From recent Fleck. Rather shocking.
articles.moneycentral.msn.com
'Bernanke at his word'
So read the headline of a recent article by Jim Grant, in which he reprised a speech that Ben Bernanke gave in Japan on May 31, 2003, as a Federal Reserve governor, three years before becoming Fed chairman. (You can find the article here; subscription required.) The topic that day: deflation.
Posing his own question and answer, Grant writes: "And what was deflation? Falling prices, pure and simple. Bernanke did not bother to distinguish between prices that fall on account of a banking or credit crisis vs. those that fall on account of advances in productive technology or improvements in economic organization. It was all the same to him -- and all bad."

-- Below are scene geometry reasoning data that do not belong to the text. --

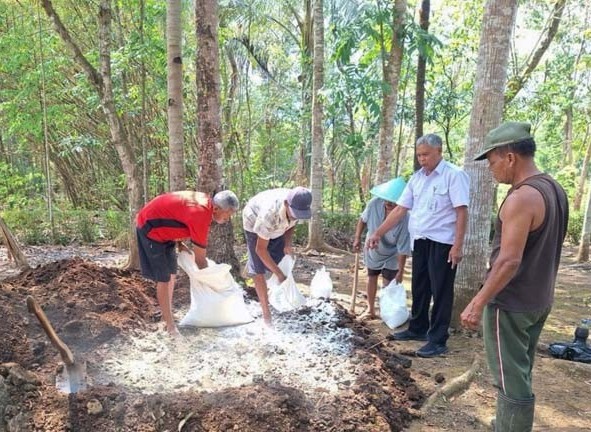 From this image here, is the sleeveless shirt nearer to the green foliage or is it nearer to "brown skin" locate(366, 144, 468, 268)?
"brown skin" locate(366, 144, 468, 268)

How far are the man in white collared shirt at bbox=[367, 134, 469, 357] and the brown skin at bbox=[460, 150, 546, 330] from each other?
1378 millimetres

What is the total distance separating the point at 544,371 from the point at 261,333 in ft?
6.94

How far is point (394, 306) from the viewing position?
4.30m

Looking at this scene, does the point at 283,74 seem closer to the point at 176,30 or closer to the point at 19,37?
the point at 19,37

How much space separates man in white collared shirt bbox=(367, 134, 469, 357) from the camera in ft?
11.6

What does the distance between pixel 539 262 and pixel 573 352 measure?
202 cm

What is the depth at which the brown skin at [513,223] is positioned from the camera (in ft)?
6.56

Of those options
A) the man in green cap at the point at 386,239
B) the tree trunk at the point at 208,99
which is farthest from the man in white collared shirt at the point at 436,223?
the tree trunk at the point at 208,99

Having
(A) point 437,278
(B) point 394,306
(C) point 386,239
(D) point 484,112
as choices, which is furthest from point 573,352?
(D) point 484,112

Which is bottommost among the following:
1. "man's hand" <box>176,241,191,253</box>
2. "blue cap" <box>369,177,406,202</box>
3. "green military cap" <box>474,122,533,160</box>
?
"man's hand" <box>176,241,191,253</box>

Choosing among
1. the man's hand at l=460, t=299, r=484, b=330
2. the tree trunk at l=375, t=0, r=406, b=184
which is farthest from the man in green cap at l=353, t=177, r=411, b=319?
the tree trunk at l=375, t=0, r=406, b=184

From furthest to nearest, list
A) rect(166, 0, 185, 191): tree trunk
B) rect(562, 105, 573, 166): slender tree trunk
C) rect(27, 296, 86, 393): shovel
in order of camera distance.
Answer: rect(562, 105, 573, 166): slender tree trunk
rect(166, 0, 185, 191): tree trunk
rect(27, 296, 86, 393): shovel

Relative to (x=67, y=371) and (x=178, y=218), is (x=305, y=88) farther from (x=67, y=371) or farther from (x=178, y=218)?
(x=67, y=371)

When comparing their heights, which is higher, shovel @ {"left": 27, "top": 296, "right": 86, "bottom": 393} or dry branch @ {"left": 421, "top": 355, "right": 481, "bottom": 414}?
shovel @ {"left": 27, "top": 296, "right": 86, "bottom": 393} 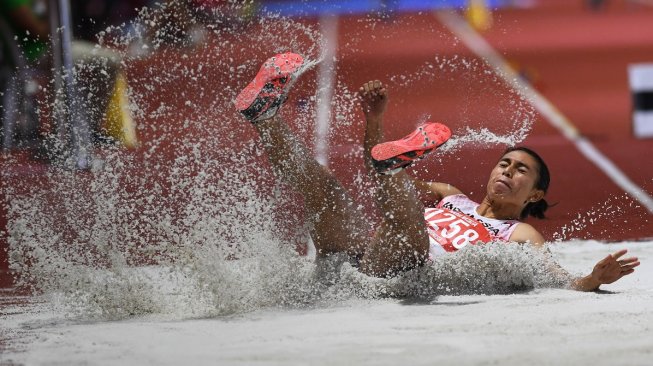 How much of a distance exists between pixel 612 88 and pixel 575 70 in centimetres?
51

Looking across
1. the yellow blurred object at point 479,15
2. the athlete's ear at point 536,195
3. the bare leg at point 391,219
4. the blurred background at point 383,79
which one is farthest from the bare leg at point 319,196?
the yellow blurred object at point 479,15

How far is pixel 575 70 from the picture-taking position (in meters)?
8.82

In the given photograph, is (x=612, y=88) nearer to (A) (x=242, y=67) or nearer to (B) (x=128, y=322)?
(A) (x=242, y=67)

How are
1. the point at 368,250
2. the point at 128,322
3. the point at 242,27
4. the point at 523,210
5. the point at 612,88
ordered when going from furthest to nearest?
the point at 612,88 < the point at 242,27 < the point at 523,210 < the point at 368,250 < the point at 128,322

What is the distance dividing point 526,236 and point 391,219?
2.03 ft

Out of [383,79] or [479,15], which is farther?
[479,15]

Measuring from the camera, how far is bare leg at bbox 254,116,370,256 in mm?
3896

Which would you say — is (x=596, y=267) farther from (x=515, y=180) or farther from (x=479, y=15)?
(x=479, y=15)

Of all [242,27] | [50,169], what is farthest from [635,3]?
[50,169]

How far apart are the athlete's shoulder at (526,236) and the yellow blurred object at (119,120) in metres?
3.07

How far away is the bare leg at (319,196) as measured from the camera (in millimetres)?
3896

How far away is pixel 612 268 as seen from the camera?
11.9 ft

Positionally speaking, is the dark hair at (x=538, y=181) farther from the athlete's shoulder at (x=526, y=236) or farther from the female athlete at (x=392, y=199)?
the athlete's shoulder at (x=526, y=236)

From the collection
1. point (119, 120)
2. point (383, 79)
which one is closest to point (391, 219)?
point (119, 120) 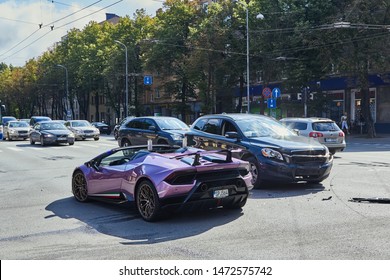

The word "deflation" brings fear to the hearts of Fed heads and many other people, whereas I'd be willing to bet that virtually all consumers worldwide would be happy to see the price of most everything fall (though, of course, people are always upset when their assets fall). In any case, "deflation" has been tortured to the point that it's the evil that must be prevented at all costs.
As Grant notes, the speech Bernanke gave on that particular day in Tokyo was more radical than his musings had been in the U.S., at that time or since. In Grant's words: "It isn't enough, after prices have begun to fall, to stop the decline, the chairman said. Rather, a central bank should push prices up to where they would have been if they had never weakened in the first place."